4 replies to this topic

[chester_ny]

i tried to do genotyping (fly transgene in mice)
with primer sets designed from transgene.
expected product size is 200-400 bps
I use Taq

my PCR cycle is 2 min 95 degree initiation
                               30 sec 95
  40 cycle of            30 sec 58
                               1 min 72 elongation total
                         10 min 72 final elongation

i tried 20s sample , they all showed positive results (exact size bands)
it's strange
so i tried to run pcr with plasmid ,
with wildtype (wth the wildtype showed bands too! exact size !)

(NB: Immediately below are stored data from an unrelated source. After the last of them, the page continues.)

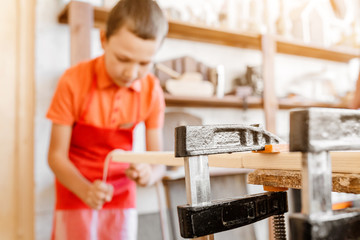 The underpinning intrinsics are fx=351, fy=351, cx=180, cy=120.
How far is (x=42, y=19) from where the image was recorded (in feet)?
5.27

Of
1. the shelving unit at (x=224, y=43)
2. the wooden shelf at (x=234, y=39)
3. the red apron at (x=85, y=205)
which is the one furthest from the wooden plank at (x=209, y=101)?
the red apron at (x=85, y=205)

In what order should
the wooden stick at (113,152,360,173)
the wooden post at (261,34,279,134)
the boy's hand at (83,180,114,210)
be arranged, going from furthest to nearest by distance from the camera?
the wooden post at (261,34,279,134) < the boy's hand at (83,180,114,210) < the wooden stick at (113,152,360,173)

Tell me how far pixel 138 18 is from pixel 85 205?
0.61m

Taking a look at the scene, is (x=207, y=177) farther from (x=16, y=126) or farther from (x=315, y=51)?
(x=315, y=51)

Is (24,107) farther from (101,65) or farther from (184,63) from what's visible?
(184,63)

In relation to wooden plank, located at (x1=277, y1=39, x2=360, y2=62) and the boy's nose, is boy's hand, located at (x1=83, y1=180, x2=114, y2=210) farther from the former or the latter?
wooden plank, located at (x1=277, y1=39, x2=360, y2=62)

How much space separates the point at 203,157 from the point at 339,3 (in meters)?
1.15

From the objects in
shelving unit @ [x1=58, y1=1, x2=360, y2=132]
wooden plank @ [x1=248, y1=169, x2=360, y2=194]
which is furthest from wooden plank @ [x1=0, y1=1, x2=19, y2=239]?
wooden plank @ [x1=248, y1=169, x2=360, y2=194]

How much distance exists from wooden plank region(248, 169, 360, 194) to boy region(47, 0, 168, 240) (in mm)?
625

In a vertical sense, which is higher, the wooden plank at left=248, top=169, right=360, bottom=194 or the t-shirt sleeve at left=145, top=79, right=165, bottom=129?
the t-shirt sleeve at left=145, top=79, right=165, bottom=129

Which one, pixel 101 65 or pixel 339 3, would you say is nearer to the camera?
pixel 101 65

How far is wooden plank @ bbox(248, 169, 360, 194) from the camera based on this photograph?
0.37 m

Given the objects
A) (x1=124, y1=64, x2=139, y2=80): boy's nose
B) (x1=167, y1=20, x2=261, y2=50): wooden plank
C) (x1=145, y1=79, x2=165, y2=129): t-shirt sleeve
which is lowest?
(x1=145, y1=79, x2=165, y2=129): t-shirt sleeve

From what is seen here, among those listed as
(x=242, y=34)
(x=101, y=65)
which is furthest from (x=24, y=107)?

at final I run the PCR without template (heck , bands come as well )


I didn't do hotstart
should I go for hotstart?
or my reagent got contaminated? (so frustrated)

thanks for help

[mario2004]

Contamination should be ruled out first. I think 40 cycles are too many.

[RecklessTech]

I have the same problem going on right now! I've run every contamination check possible and it's still happening.  What are your Reaction concentrations?

[seanspotatobusiness]

Expected product size is 200-400 bp? Can't you be any more certain than that? If you use a higher percentage of agarose in your gel and run it at a lower voltage (e.g. 2% and 50-60 volts), you'll get better resolution. What about when you use water as a template?

[bob1]

I would say that your reagents are contaminated... and that probably more that one reagent is contaminated.  You should throw all your reagents and start again (though you can keep the more expensive bits such as Taq and test it for contamination) - First, get clean water!(MilliQ or equivalent, or buy bottled water), make fresh dilutions of your primers, fresh dNTPs, fresh Mg²⁺ and buffer.  Clean your pipettes well and keep a pipette separate which you only use to load gels, as this is usually where contamination comes from.